Chair of the panel debate, Lee Hollingworth, Partner, Hymans Robertson says: “While there is a clear need for better education, there is an equal if not greater need for the industry to provide better support and guidance, particularly at retirement where we see people making poor decisions.
“For example, we know from FCA figures that a third of non-advised drawdown sales are being invested in cash funds.
“The vast majority of people are underserved and unsupported with the decisions they now have to make at retirement. A huge swathe of the market simply cannot afford to access advice. While there is a desperate need for innovation, the industry is fearful of innovating in a way that provides much needed personalised guidance for fear of straying into advice. We’re currently in a situation where a fear of providing meaningful support in an affordable way means that many people have none.
“It’s three years since pension freedoms were introduced and what is offered for drawdown investment remains in the stone-age.

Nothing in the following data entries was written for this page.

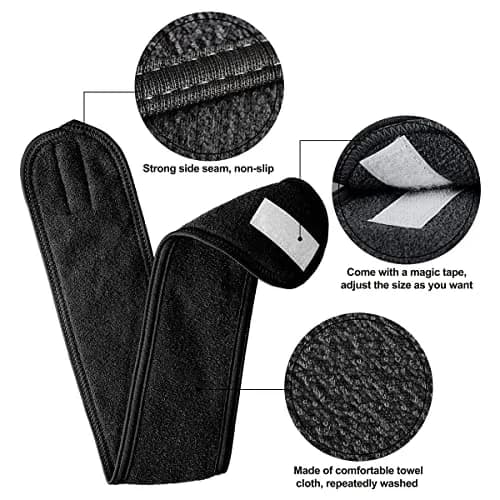 Denfany Soft Terry Cloth Spa Headband | Adjustable & Absorbent for Face Washing, Yoga, Makeup Removal thumbnail 3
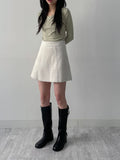 Boucle A-line mini skirt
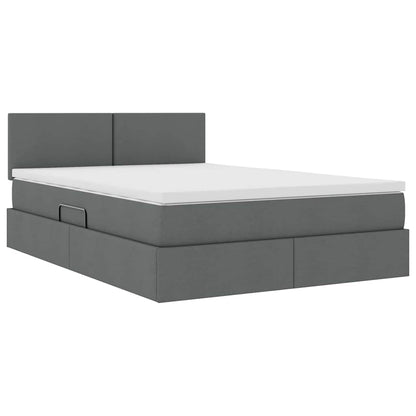 Letto con contenitore e LED Grigio scuro 140 x 190 cm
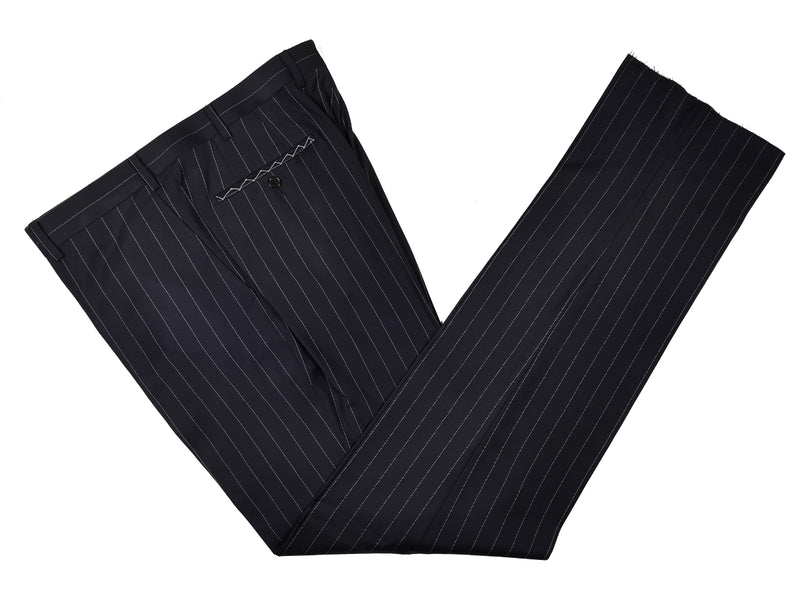 Luigi Bianchi Suit 42R Damaged, Navy pinstripes 3-button Guabello wool 150s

Drawdown needs to be seen as a service, not a product and investments should be personalised, and aligned to individual’s goals. We need to support individuals to manage their pensions in an appropriate way through the development of low cost tools and guidance that aren’t hampered by heavy regulation.
“We also a need for a cap on the cost of drawdown solutions. There is a cap of 0.75% in workplace accumulation. Arguably there is a greater need for this in decumulation as this is when pots are at their largest.”
Commenting on the need to help people consider sustainable drawdown rates, Lee continues: “One of the most important elements of this is how long people are likely to live, something they underestimate. Add this to variations in pot size and financial situations, and a ‘sustainable’ withdrawal can look very different for different consumers. It is vital for people to have a fully informed view of how long the pot needs to last if they are to make the right choices. The need for tools that help people better understand and frame their income in the context of their life expectancy could not be greater. Longevity risk is not being managed in current non-advised drawdown strategies.”
Adding to the argument for a need for greater guidance for individual’s at retirement choices, Richard Butcher, Managing Director, PTL and Chairman of the Pensions and Lifetime Savings Association (PLSA) who was on the panel commented: "Our ‘Hitting the Target’ proposal for the development and widespread adoption of Retirement Income Targets is designed to help people make informed decisions about the standard of living they aspire to in later life and how much they’ll need to save to achieve it. Yet, even if this proposal is successful, it risks being undermined unless we also provide a framework for making informed decisions at the time they drawdown their hard saved pension pot. Default retirement pathways will do this – they’ll leave people free to decide but in a good position to make a decision. With greater understanding individuals will be able to use their retirement savings in a way that serves them best, and adapt their choices if they need. It shouldn’t be ‘set and forget’ otherwise they may ‘set and regret’ as they run out of money in later life.”